• _YOUR GOAL_:
Would you transcribe the whole listing exactly, minus its pictures?

• _SUPPLIED DATA_:
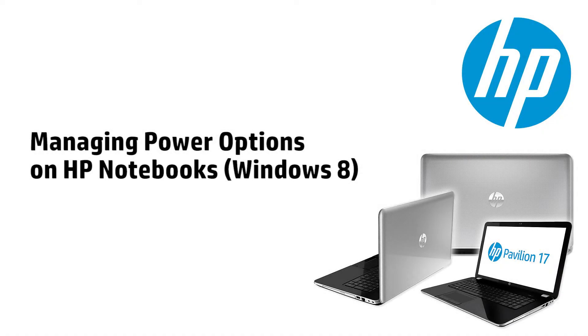This video shows how to use Windows Power Options to minimize power consumption, maximize battery life, and troubleshoot power issues.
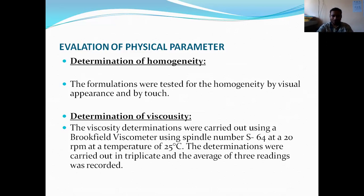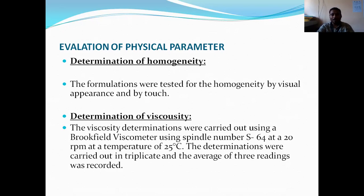Next is the determination of viscosity. Viscosity is determined with the help of a Brookfield viscometer using spindle number S64 at 20 RPM. The determination was carried out in duplicate and the average of three readings was recorded.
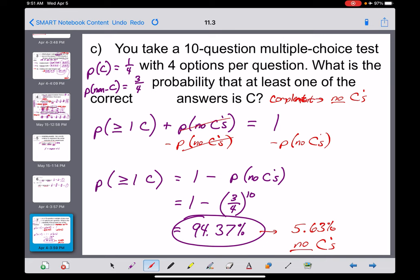The complement — having no Cs at all — would be about 5.63%. That makes sense: it's pretty unlikely that in 10 questions, none of them would be C. We'd expect on average about 2.5 questions to be C, since that's one-fourth of the ten questions. And that's everything for section 11.3 — let's dive into that homework. Hopefully these notes help, and let us know when you have questions.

• _OUTPUT FOR THIS EXERCISE_:
This video shows how to use Windows Power Options to minimize power consumption, maximize battery life, and troubleshoot power issues.
Next is the determination of viscosity. Viscosity is determined with the help of a Brookfield viscometer using spindle number S64 at 20 RPM. The determination was carried out in duplicate and the average of three readings was recorded.
The complement — having no Cs at all — would be about 5.63%. That makes sense: it's pretty unlikely that in 10 questions, none of them would be C. We'd expect on average about 2.5 questions to be C, since that's one-fourth of the ten questions. And that's everything for section 11.3 — let's dive into that homework. Hopefully these notes help, and let us know when you have questions.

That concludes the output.